As I understand it, Caplan’s argument would commit him to saying that since there was at least one “incentive in the universe” that made them lift such immense weight, that shows they must have been able to lift such immense weight all along, and their inability to pull off a 500-pound deadlift the prior week wasn’t a real constraint, it was just them expressing their preference for not lifting heavy weights. That’s what a straightforward application of consumer choice theory would imply, but that only shows the limits of consumer choice theory. Yes, incentives did matter in their car-lifting feat, but that does not imply the inability to carry out such a feat in normal circumstances is therefore “voluntary” in any meaningful or interesting way, nor does it imply that the genuine inability to deadlift 500 pounds the week prior was actually just a preference.

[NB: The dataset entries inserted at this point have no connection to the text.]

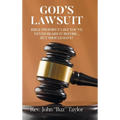 God's Lawsuit: Bible Prophecy Like You've Never Heard it Before... But Should Have! - Hardcover
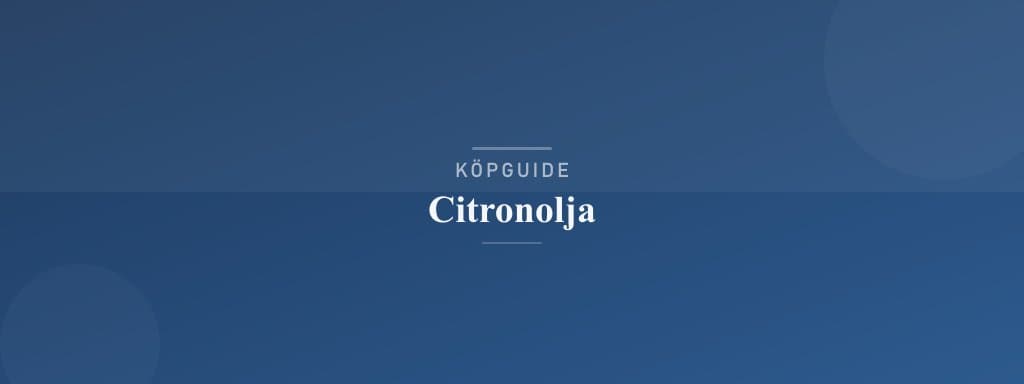 Välj rätt citronolja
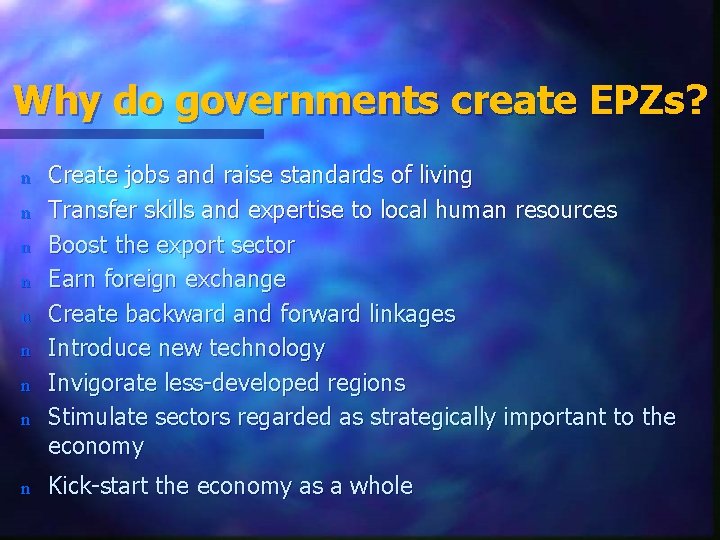 Why do governments create EPZs? n n n n n Create jobs and raise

(As an aside, Alexander is also unimpressed with this test, offering to “tell [Caplan] about all of the mentally ill people I know about who did, in fact, non-metaphorically, non-hypothetically, choose a gunshot to the head over continuing to do the things their illness made it hard for them to do. Are you sure this is the easily-falsified hill you want to die on?” But notice the asterisk above in Bryan’s description of his test. That asterisk leads to footnote where Caplan implies that even if someone does take a gunshot to the head over altering their behavior, that still wouldn’t falsify his argument, because “incentives don’t matter does not imply involuntariness, though it leaves the possibility open.” When every possible outcome of one’s hand-picked method of testing their view can still be interpreted as compatible with that view, then it’s not a very impressive test, and holding it up as some sort of ace-in-the-hole for the argument doesn’t inspire confidence.)

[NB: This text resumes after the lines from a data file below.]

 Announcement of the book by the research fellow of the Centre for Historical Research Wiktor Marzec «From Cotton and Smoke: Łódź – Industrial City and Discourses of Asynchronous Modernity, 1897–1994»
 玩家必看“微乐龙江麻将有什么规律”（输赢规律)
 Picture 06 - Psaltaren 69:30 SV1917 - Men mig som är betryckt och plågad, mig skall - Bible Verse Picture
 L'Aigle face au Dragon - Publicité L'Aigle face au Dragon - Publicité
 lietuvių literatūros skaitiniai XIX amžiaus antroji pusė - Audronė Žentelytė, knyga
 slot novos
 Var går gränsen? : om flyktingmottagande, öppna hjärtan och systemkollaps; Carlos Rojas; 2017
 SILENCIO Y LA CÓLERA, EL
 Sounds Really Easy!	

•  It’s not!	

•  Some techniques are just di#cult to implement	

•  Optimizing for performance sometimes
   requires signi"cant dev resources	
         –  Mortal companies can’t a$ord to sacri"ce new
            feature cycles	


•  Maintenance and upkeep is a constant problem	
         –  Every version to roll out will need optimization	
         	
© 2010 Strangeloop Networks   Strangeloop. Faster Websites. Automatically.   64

People are sometimes temporarily capable of things in extreme duress they couldn’t achieve in normal circumstances. This is both common sense and widely known. This aspect of human behavior doesn’t fit into the simple consumer choice model of constraints and preferences – and that’s okay! Consumer choice theory isn’t and shouldn’t be treated as a theory-of-everything, meant to explain and classify all forms of human behavior. It’s just a useful oversimplification for understanding a small subset of human life.

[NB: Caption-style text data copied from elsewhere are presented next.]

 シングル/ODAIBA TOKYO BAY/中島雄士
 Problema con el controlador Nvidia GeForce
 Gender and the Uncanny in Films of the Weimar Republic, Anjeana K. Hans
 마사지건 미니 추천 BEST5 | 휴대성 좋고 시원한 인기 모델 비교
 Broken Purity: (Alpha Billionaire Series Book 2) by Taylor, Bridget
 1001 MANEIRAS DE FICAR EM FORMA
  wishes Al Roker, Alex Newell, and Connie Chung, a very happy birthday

In the closing paragraphs of Caplan’s most recent post, he cites an argument from someone named Emil Kierkegaard making the case that homosexuality is best understood as a mental disorder – a position Caplan disagrees with, arguing that homosexuality is simply a preference. Caplan closes out by saying:
In response to this, I would quote Ralph Waldo Emerson’s observation that “A foolish consistency is the hobgoblin of little minds, adored by little statesmen and philosophers and divines.” To go back to my observation in the beginning, economic models – including consumer choice theory – are not perfect descriptors of all reality. And when your model doesn’t fully capture reality, forming all your beliefs to be perfectly consistent with that model is not automatically a virtue. The understanding we gain of the world from any of our models will always be limited and partial. In light of this fact, being a little inconsistent will often be more truth-preserving than perfect consistency. And on this topic, I find Scott Alexander’s less-than-perfect consistency far more truth-preserving than the total consistency of either Caplan or Kierkegaard.